Quando crianças brincam de cozinha, usam panelinhas de plástico e fogo de celofane vermelho e amarelo. O coentro é grama, a carne é pedra e o arroz pode ser arroz mesmo. A terra vai como tempero e, no fim da brincadeira, é sensato fingir que se come. E essa é a parte chata. Frustração que não fez parte da infância das irmãs Albânia e Gênova. Lá pela década de 1950, imagino, no quintal de sua casa na Boa Vista, centro do Recife, a diversão era bem diferente das convencionais "casinhas" imaginativas do brincar.

Quando a idéia era fazer comida, a mãe delas lhes fornecia pedacinhos de bife, tomates maduros, cebola e manteiga. Picavam tudo com faca cega e, no intuito e recordação dos procedimentos que visualizavam diariamente numa cozinha de verdade, faziam o refogado. Fogo de gravetos aquecia a manteiga na frigideira de ferro velha. Vinha a cebola, o alho (quando tinha), o tomate e por fim, o bife. Aquela mistura ficava ali alguns minutos apurando. Subia o cheiro, irresistível. Não tinha aroma de mato, nem gostode pedra. Era comida de brinquedo, porém pronta para ser deliciada. O nome da receita? Cozinhado.

Até hoje, quando elas comem algo com esses ingredientes, vem aquela lembrança boa dos tempos de criança. A mãe, casada com um descendente de italianos, fazia mais ou menos a mesma coisa quando ocupava a cozinha para preparar ragú. O molho de tomate era sempre misturado a algum tipo de carne ou embutido. Até moela de galinha podia ir no preparo que acompanhava perfeitamente o macarrão. Essa história toda, contada não exatamente dessa maneira, ouvi na penúltima sexta-feira. Acompanhada de meu amor, comemoramos uma descoberta muito especial em nossas vidas numa cantina simpática, no bairro de Casa Forte.
À frente na criação das iguarias do restaurante, elas mesmas! As irmãs que fizeram muitos cozinhados na vida. Acredito que aqueles da infância eram bons. Mas acredito mais ainda que os de agora são bem melhores. Pelo menos foi essa a minha impressão quando coloquei na boca o ravioli de carne com o molho de tomate.Raspei o prato com pão e só não comi mais porque não havia espaço sobrando no bucho. Albânia e Gênova têm o Cucina de`Carli desde 2005, primeiramente aberto como delicatessen. Lá, elas preparam pães, massas, molhos, marinadas e muitas outras coisas gostosas. As dez mesinhas, no máximo, só vieram dois anos depois, quando atenderam a solicitação dos clientes que insistiram que elas servissem seus "cozinhados" no local. O público do almoço, de segunda a sexta, já é fiel. Os pedidos na delicatessen, que funciona de segunda a sábado até às 18h, também são constantes. Muito trabalho? Que nada! Elas adoram brincar com as panelas!

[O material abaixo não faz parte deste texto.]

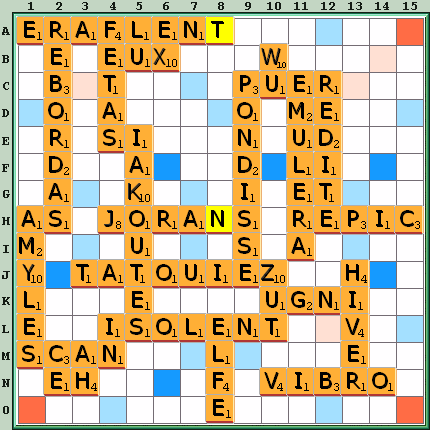 Grille de jeu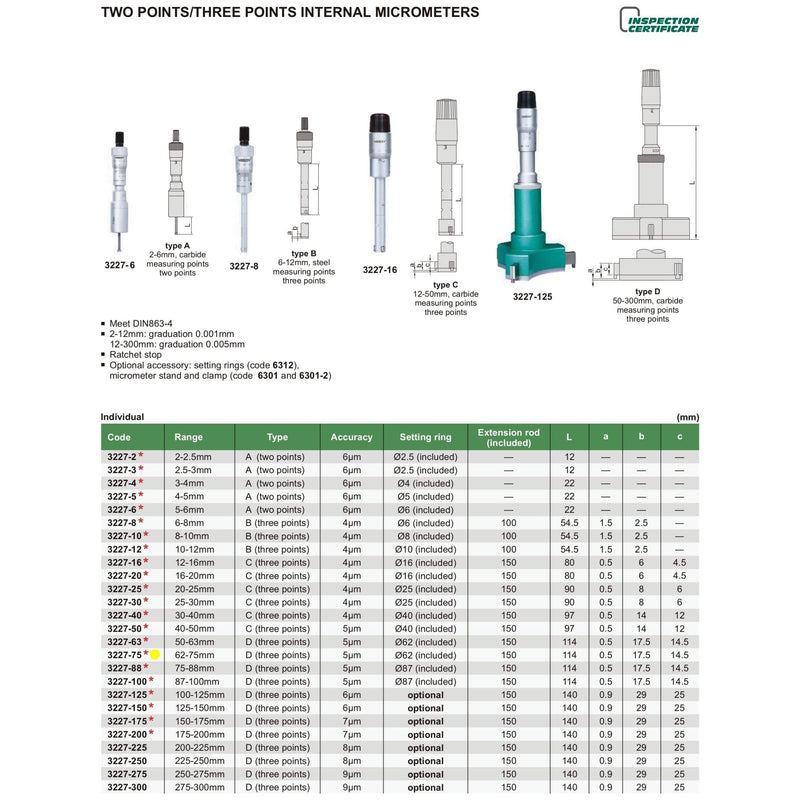 THREE POINT INTERNAL MICROMETER | 62 - 75mm | INSIZE 3227-75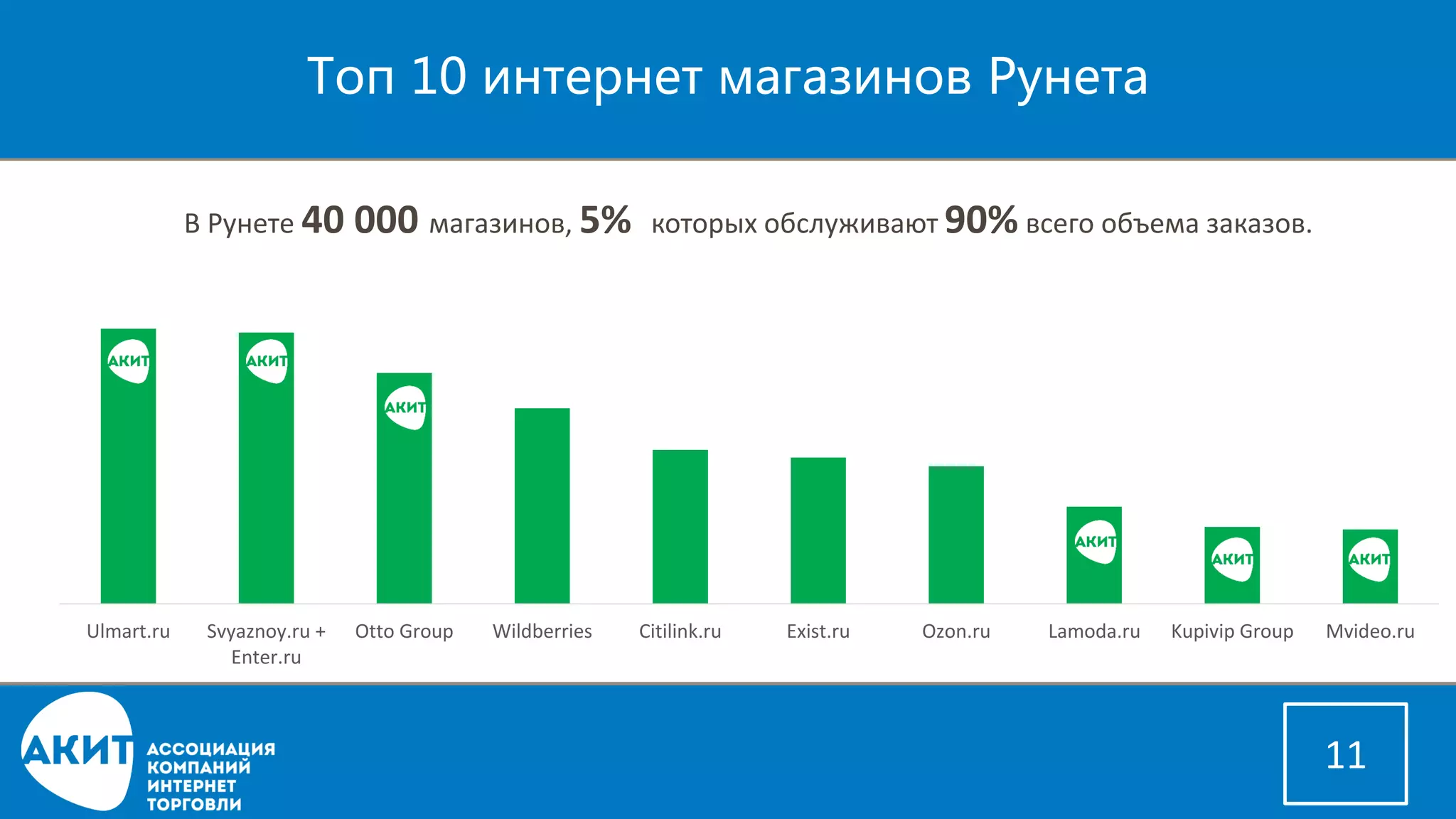 Топ 10 интернет магазинов Рунета 
11 
В Рунете 40 000 магазинов, 5% которых обслуживают 90%всего объема заказов. 
Ulmart.ru 
Svyaznoy.ru + Enter.ru 
Otto Group 
Wildberries 
Citilink.ru 
Exist.ru 
Ozon.ru 
Lamoda.ru 
Kupivip Group 
Mvideo.ru  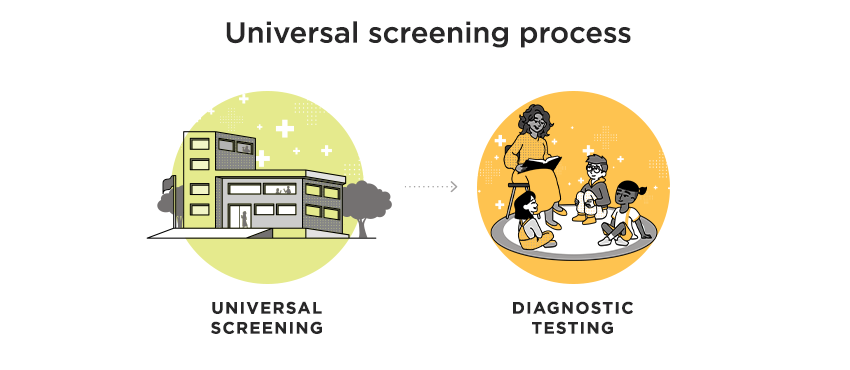 A graphic shows how universal screening casts a wide net to identify students who may need additional support, while diagnostic testing targets a smaller group for more detailed evaluation.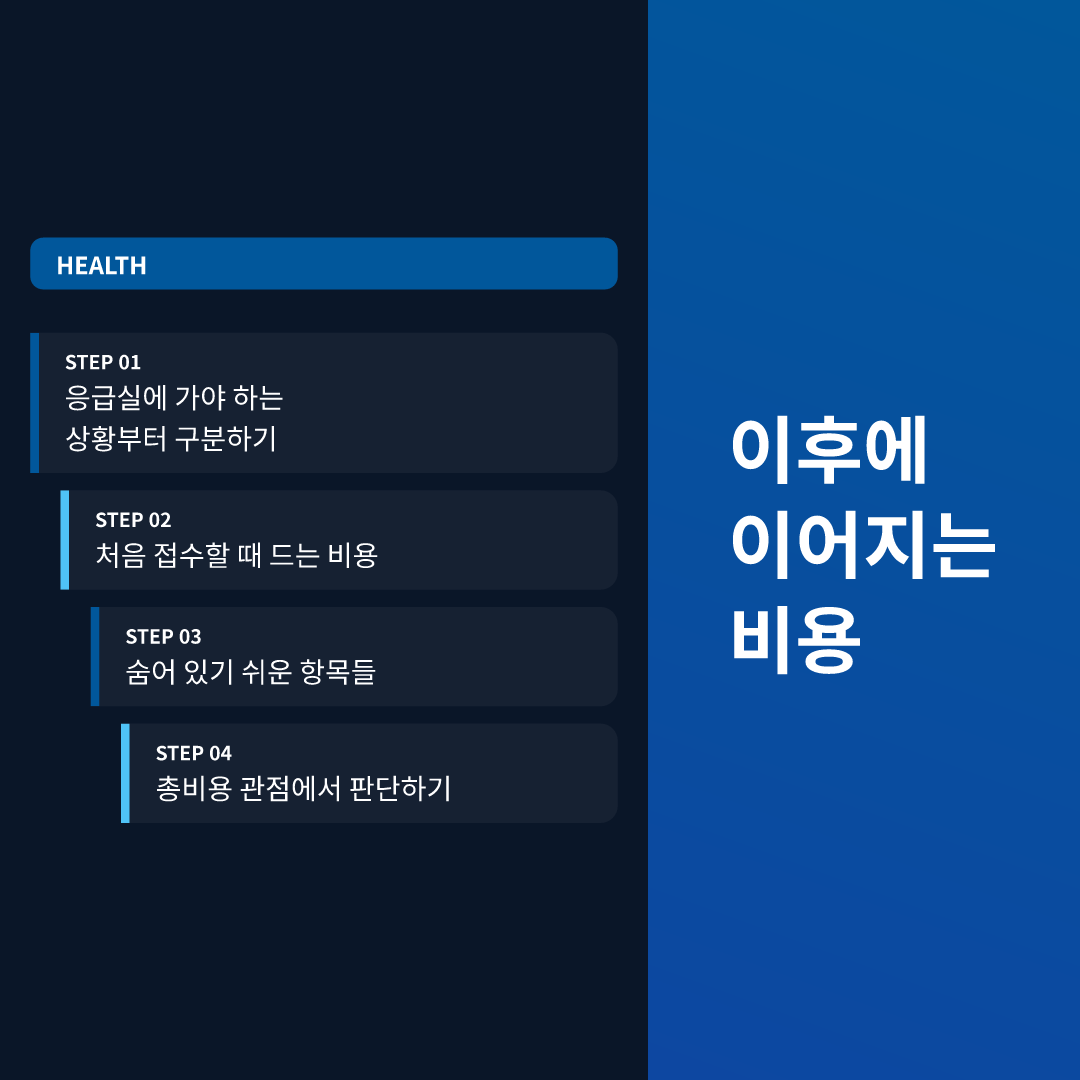 이후에 이어지는 비용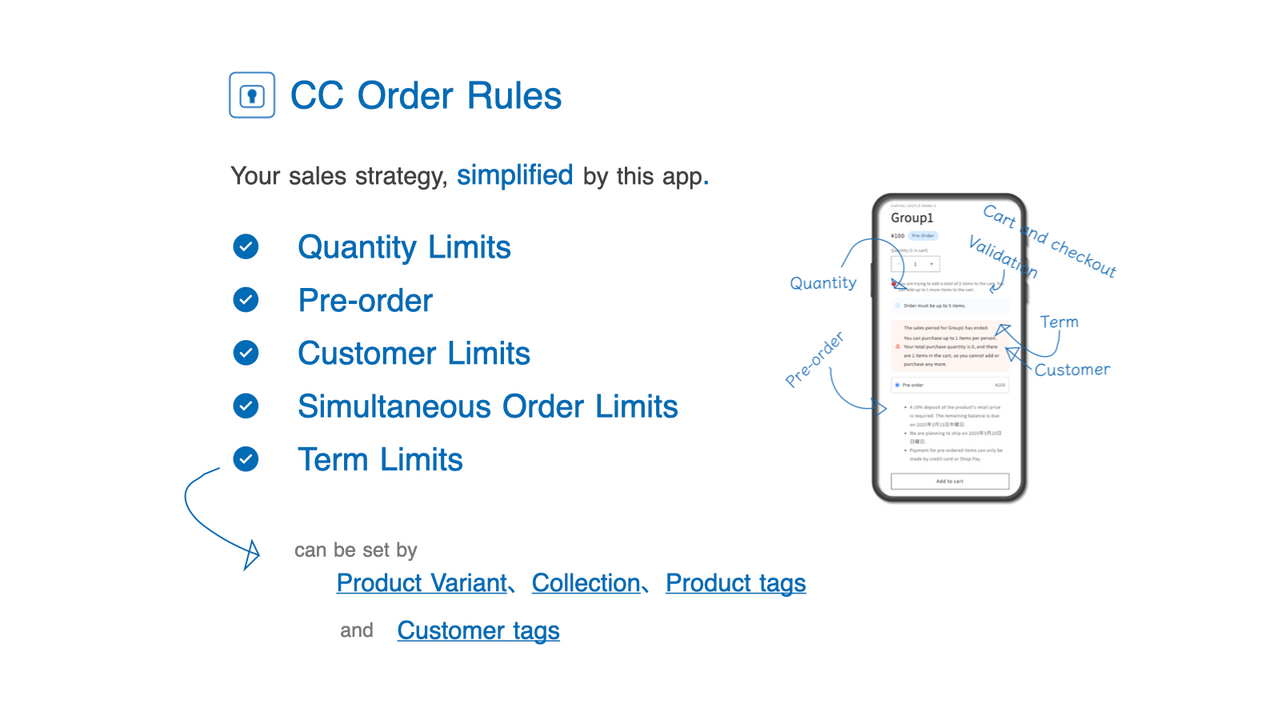 CC Order Rule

Este mês, as duas tiveram a grande idéia de oferecer jantares às sextas e sábados. Se eu pudesse, instalava outdoors em todas as esquinas do Recife: "Casais, famílias e amigos, não percam os cozinhados das irmãs de`Carli. Tudo que elas preparam é divino!". Mas como esse meu plano é impossível, fica nesta singela coluna a dica e a receita do molho de tomate, um cozinhado de gente grande.

RECEITA

Molho de Tomate
(Por Gênova e Albânia d'Carli, do Cucina d'Carli)
Ingredientes

- 600g de cebola
- 3 k de tomate bem maduros
- 3 dentes de alho
- 4 colheres de sopa de azeite extra-virgem
- sal e pimenta do reino a gosto

Modo de preparo
Corte e cozinhe os tomates em uma panela sem água. Passe na peneira para obter um suco consistente sem pele e sem sementes. Passe no processador a cebola e o alho. Coloque a cebola, o alho e o azeite em uma panela em fogo médio mexendo sempre até dourar bem. Adicione o suco de tomate e tempere com sal e pimenta do reino. Após levantar fervura, baixe o fogo e deixe cozinhar por pelo menos três horas, mexendo de vez em quando. Ao final deste tempo, o molho já terá perdido a acidez do tomate e estará consistente e saboroso. Prove e ajuste o sal se necessário. Caso queria variar o sabor, adicione algumas folhas de manjericão ou orégano fresco.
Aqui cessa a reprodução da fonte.